GlaxoSmithKline (GSK) announced the move eight months after it was hit with a record $3bn (£1.9bn) fine in the US last July, in part for withholding safety data about its best selling diabetes drug, Avandia.

In all, 26 drug companies – including eight of the 10 biggest global players – have racked up fines of more than $11bn (£7bn) in the last three years after having been found to have acted dishonestly.

The results of clinical trials, most of which are funded by the drug industry, are frequently withheld when they deliver disappointing results. This distorts the evidence base and raises doubts about the safety of medicines that are available on the market.”

“The alltrials.net campaign has grown rapidly since publication of Bad Pharma four months ago, winning the backing of the Medical Research Council and the Wellcome Trust. The Commons Science and Technology Committee has announced an inquiry into missing trials.
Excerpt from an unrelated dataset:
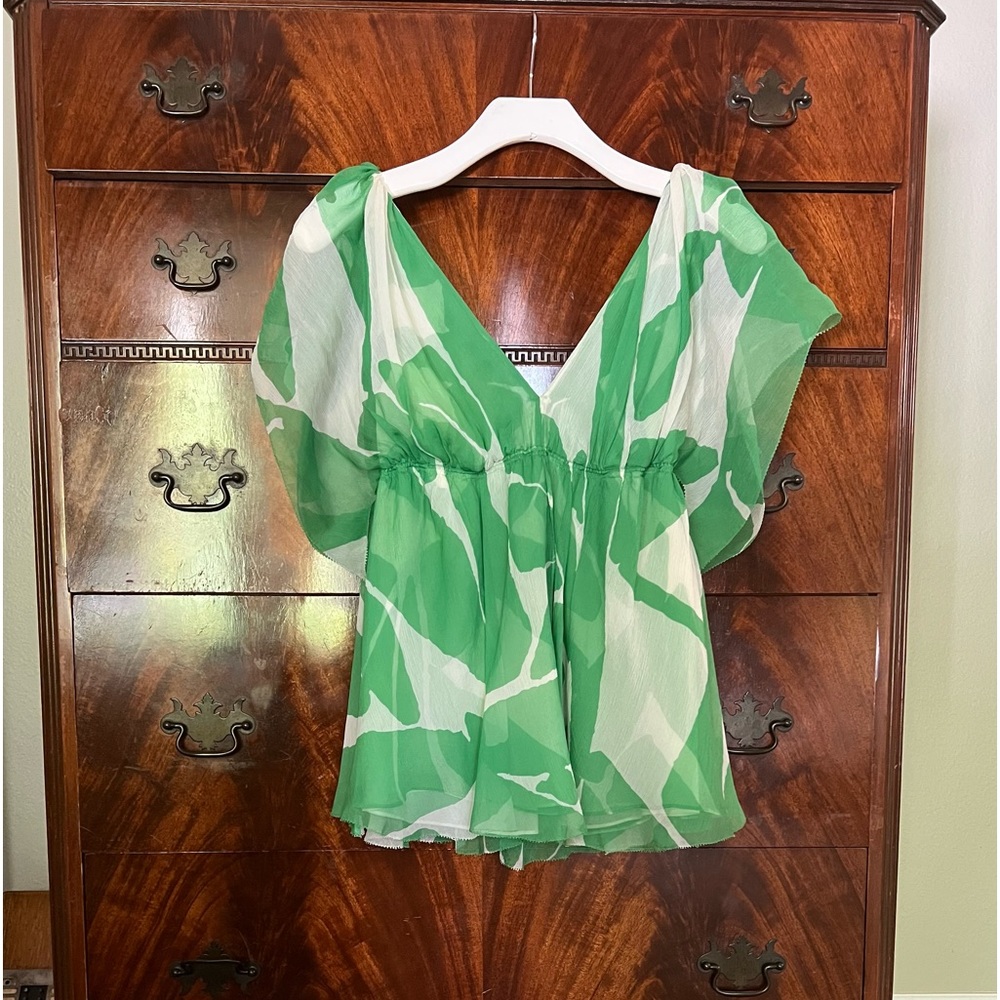 Diane Von Furstenberg silk chiffon blouse. Vintage print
The latest target of the campaigners is the Swiss multinational Roche, which has been accused by the British Medical Journal of sitting on trial data for its flu treatment, Tamiflu, which governments around the world have stockpiled against a possible pandemic at a cost of billions of pounds.

GSK also said it intends to publish details of trials for all approved medicines dating back to its formation in 2000.”

From Wikipedia en.wikipedia.org/wiki/Bad_P...

"Bad Pharma: How Drug Companies Mislead Doctors and Harm Patients is a book by British physician and academic Ben Goldacre about the pharmaceutical industry, its relationship with the medical profession, and the extent to which it controls academic research into its own products.[1] The book was first published in September 2012 in the UK by the Fourth Estate imprint of HarperCollins. It was published in the United States in February 2013 by Faber and Faber.

AussieNeil profile image
AussieNeilPartnerAdministrator in reply toHAIRBEAR_UK

That's ground breaking news - makes it harder for other companies to stick with the old ways. Impressive fines too!